A new statute will take effect in January 2014 that will change whether and how an employer who prevails in such a case may recover its fees. In a state already overrun with wage-hour lawsuits with questionable merit, that new statute seems to ensure that even more meritless wage-hour lawsuits will be filed by plaintiffs’ counsel who count on the in terrorem effect of those lawsuits to force employers to settle such claims – and who pocket 40% of what they recover.
Governor Jerry Brown has signed into law a bill that raises the standard for a prevailing employer to recover fees when they prevail in wage-hour actions. Effective January 2014, an employer must meet a higher standard than an employee to recover fees. It must not only prevail in the lawsuit, but it must establish that the lawsuit was brought in “bad faith.”
While the authors of the bill contended that it was needed to correct an injustice that discouraged workers from pursuing such claims, one has to wonder whether those legislators could identify a single California employee who did not pursue a valid wage-hour claim because of the fear of paying attorney’s fees.

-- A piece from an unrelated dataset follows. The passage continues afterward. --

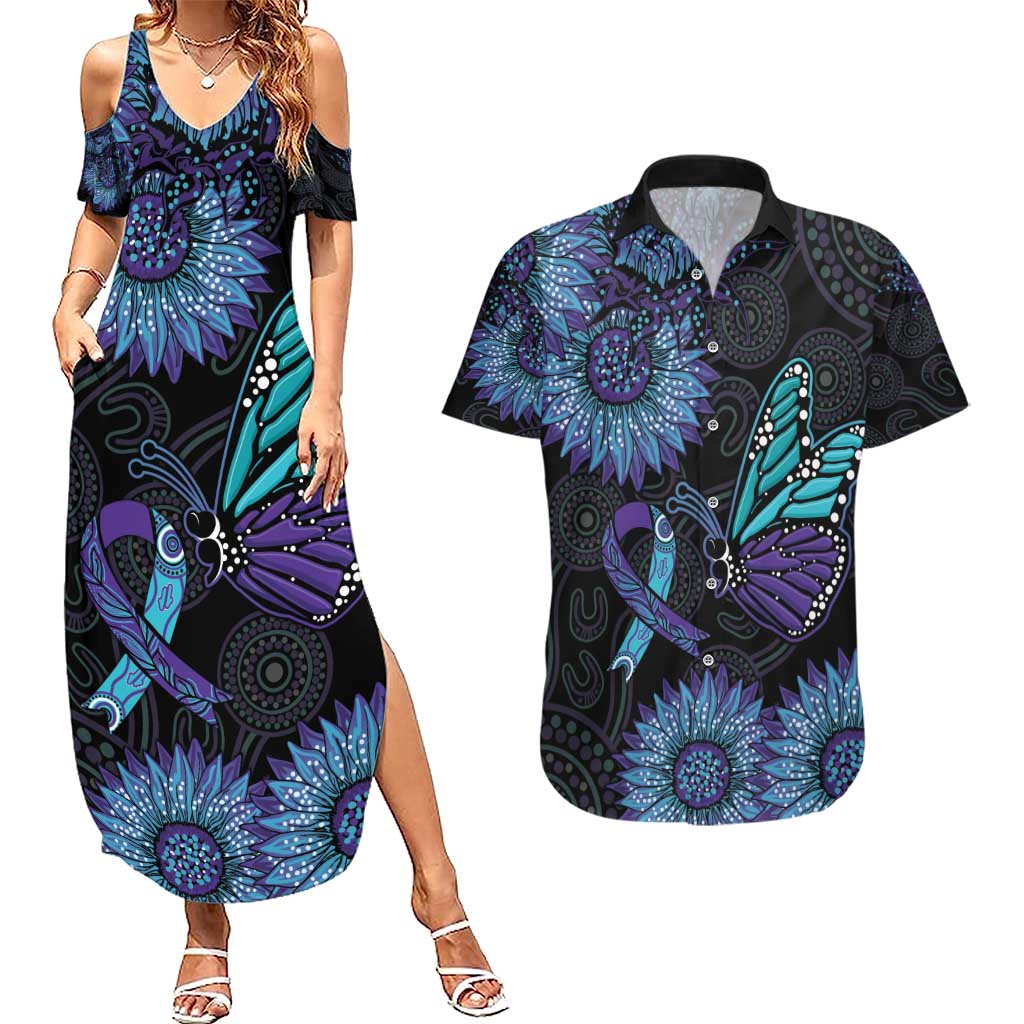 Australia Indigenous Couples Matching Summer Maxi Dress and Hawaiian Shirt Teal & Purple Sunflower Aboriginal Arts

The California courts have been overrun with wage-hour lawsuits. There is little, if anything, to suggest that employees have been deterred from filing these lawsuits. If anything, they have been greatly encouraged to do so, and plaintiffs’ counsel sometimes file these suits with little effort to determine if they have any merit beforehand. Indeed, it is not unusual for an employee not to even meet his or her attorney before the attorney files a wage-hour suit, or for that attorney to file a wage-hour class action with minimal, if any, investigation.
In this way, the new statute seems to be aimed to benefit the plaintiffs’ bar, not employees. Until now, the only thing that prevented plaintiffs’ counsel from filing a meritless wage-hour action was the possibility that the employer would be able to recover its attorney’s fees. Now, knowing that an employer is only going to be able to recover fees in meritless cases if it can establish that it was brought in “bad faith,” there is every reason to expect the filing of even more meritless wage-hour actions.